- What is expected
Nothing outside the range below should be printed. Output exactly the lines from the line with "Soldat profesionist, arestat" to the line with "ومظخات عموديه سل ستيل من 2 حصان الى 25 حصان", both included.

- Material supplied
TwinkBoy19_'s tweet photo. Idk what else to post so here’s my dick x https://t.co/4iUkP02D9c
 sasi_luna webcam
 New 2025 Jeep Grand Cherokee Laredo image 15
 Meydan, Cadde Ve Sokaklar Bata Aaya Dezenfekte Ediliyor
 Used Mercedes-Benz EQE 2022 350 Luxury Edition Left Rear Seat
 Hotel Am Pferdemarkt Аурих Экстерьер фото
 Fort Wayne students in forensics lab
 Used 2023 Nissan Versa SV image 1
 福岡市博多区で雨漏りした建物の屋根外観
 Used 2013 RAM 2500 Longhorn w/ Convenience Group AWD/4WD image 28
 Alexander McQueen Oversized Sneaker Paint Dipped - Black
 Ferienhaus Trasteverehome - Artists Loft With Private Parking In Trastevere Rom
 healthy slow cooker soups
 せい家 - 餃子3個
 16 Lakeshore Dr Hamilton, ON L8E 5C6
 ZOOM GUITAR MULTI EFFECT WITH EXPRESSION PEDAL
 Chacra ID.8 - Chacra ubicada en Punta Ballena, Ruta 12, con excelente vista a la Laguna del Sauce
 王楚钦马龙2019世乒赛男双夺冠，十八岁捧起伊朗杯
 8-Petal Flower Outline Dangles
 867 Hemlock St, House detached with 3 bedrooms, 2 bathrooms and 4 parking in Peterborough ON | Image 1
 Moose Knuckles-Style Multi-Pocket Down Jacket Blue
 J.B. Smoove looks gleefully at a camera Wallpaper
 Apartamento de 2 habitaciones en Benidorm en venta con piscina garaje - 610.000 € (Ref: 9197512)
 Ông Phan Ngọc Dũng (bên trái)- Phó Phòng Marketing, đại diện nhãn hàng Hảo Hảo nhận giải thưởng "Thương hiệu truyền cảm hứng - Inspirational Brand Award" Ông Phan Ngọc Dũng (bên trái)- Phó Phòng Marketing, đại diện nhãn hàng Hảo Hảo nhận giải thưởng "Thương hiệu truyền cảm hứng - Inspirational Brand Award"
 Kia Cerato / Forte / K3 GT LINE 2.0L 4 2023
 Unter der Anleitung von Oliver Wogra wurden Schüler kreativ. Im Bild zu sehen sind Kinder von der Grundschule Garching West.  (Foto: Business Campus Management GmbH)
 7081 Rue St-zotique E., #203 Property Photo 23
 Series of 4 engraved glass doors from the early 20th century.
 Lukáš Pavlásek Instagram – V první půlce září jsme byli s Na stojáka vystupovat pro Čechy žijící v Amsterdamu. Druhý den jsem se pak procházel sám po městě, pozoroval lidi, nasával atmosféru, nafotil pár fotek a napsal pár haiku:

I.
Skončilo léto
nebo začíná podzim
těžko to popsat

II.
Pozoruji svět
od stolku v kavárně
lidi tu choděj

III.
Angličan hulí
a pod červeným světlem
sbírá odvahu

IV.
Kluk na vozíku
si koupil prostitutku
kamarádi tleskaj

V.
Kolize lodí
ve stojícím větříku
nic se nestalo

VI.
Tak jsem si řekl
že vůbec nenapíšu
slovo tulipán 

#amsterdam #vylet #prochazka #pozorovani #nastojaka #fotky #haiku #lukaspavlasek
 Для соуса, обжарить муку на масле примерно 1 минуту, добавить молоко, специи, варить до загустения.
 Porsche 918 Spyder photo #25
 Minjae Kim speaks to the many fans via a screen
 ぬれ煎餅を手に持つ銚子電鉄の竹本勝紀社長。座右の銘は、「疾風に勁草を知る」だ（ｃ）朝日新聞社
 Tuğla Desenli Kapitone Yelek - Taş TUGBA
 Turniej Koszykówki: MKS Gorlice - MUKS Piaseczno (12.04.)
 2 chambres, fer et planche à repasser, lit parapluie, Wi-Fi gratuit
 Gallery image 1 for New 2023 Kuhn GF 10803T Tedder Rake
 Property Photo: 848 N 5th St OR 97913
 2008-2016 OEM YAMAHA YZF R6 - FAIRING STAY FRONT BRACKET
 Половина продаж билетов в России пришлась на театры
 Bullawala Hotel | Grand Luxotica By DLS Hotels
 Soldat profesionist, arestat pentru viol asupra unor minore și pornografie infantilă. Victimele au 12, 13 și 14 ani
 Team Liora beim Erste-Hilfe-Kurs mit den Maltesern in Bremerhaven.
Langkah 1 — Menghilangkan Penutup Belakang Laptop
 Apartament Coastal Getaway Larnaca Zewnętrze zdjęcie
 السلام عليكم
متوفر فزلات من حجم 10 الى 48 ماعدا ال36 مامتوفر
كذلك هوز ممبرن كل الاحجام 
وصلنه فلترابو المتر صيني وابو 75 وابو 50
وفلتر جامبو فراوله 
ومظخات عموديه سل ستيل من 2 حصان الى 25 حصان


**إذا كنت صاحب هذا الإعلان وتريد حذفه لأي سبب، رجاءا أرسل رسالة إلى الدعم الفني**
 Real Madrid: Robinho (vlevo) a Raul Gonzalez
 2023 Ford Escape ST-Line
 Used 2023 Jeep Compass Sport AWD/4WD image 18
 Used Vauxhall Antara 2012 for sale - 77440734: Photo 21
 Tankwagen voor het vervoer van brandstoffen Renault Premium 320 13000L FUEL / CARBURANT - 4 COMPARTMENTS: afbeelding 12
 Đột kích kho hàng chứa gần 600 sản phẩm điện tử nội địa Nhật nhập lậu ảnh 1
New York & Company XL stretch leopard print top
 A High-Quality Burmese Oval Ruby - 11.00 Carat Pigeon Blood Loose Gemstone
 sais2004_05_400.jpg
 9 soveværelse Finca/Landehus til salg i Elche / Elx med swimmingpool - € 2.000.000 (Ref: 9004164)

- Result
 Soldat profesionist, arestat pentru viol asupra unor minore și pornografie infantilă. Victimele au 12, 13 și 14 ani
 Team Liora beim Erste-Hilfe-Kurs mit den Maltesern in Bremerhaven.
Langkah 1 — Menghilangkan Penutup Belakang Laptop
 Apartament Coastal Getaway Larnaca Zewnętrze zdjęcie
 السلام عليكم
متوفر فزلات من حجم 10 الى 48 ماعدا ال36 مامتوفر
كذلك هوز ممبرن كل الاحجام 
وصلنه فلترابو المتر صيني وابو 75 وابو 50
وفلتر جامبو فراوله 
ومظخات عموديه سل ستيل من 2 حصان الى 25 حصان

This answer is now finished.